E esse, juntamente com o controle externo por um campo magnético, é o grande trunfo da nova técnica, permitindo a criação de nanoestruturas feitas de diversos materiais.
Nanofuturo
"A era da miniaturização promete revolucionar nossas vidas. Podemos fazer estas nanocaixas a partir de uma grande quantidade de materiais diferentes, tais como metais, semicondutores e mesmo polímeros biodegradáveis para uma série de aplicações ópticas, eletrônicas, ou para carregarem medicamentos," entusiasma-se o professor Gracias. "Por exemplo, há uma necessidade na medicina para criar partículas inteligentes que possam alvejar tumores específicos, doenças específicas, sem despejar drogas no resto do corpo, de forma a limitar os efeitos colaterais."
E, com tantas opções de automontagem, talvez já não seja mais ficção imaginar milhares de minúsculas partículas biodegradáveis, precisamente estruturadas e contendo em seu interior apenas os compostos químicos desejados, de alta pureza, correndo através da corrente sanguínea a caminho de um órgão doente.

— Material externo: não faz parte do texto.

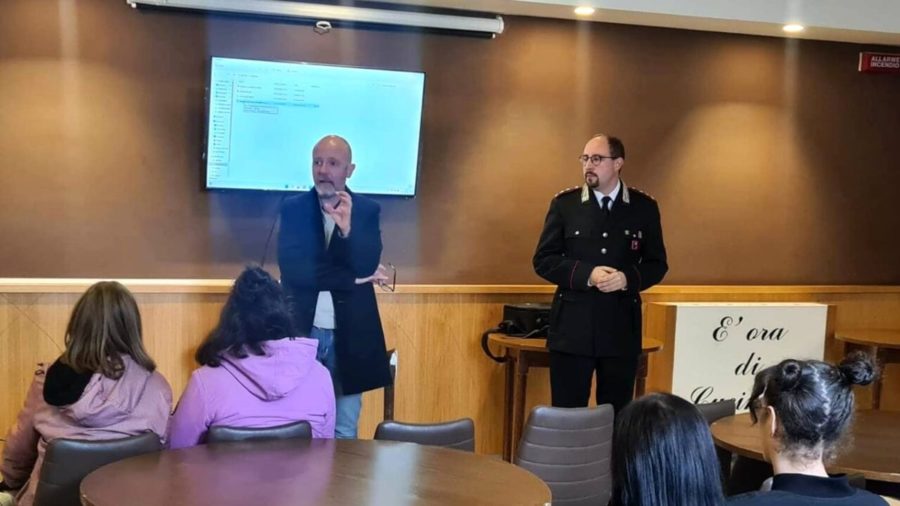 I ragazzi dell'Alberghiero incontrano il Nucleo Antisofisticazione per parlare di sicurezza alimentare 1 alberghiero nas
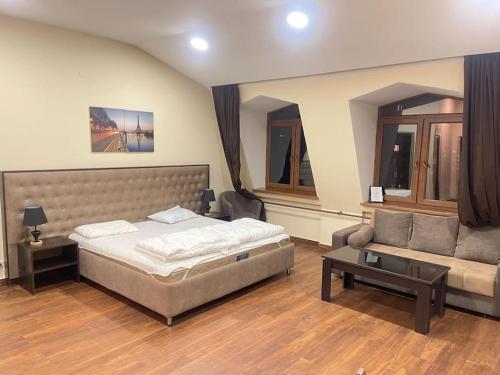 Comfortable Apartment In City Center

Ou então, partículas sendo guiadas por luz ou por magnetismo para montar componentes eletrônicos com dimensões moleculares, no interior dos processadores de computador do futuro.
Mas é necessário concordar que essa é a visão para um futuro, ainda que não tão distante.
Para ligar o hoje com esse futuro, os cientistas precisam aprimorar o projeto das suas nanoestruturas, de forma que elas possam ser fabricadas sem variações e em grandes quantidades.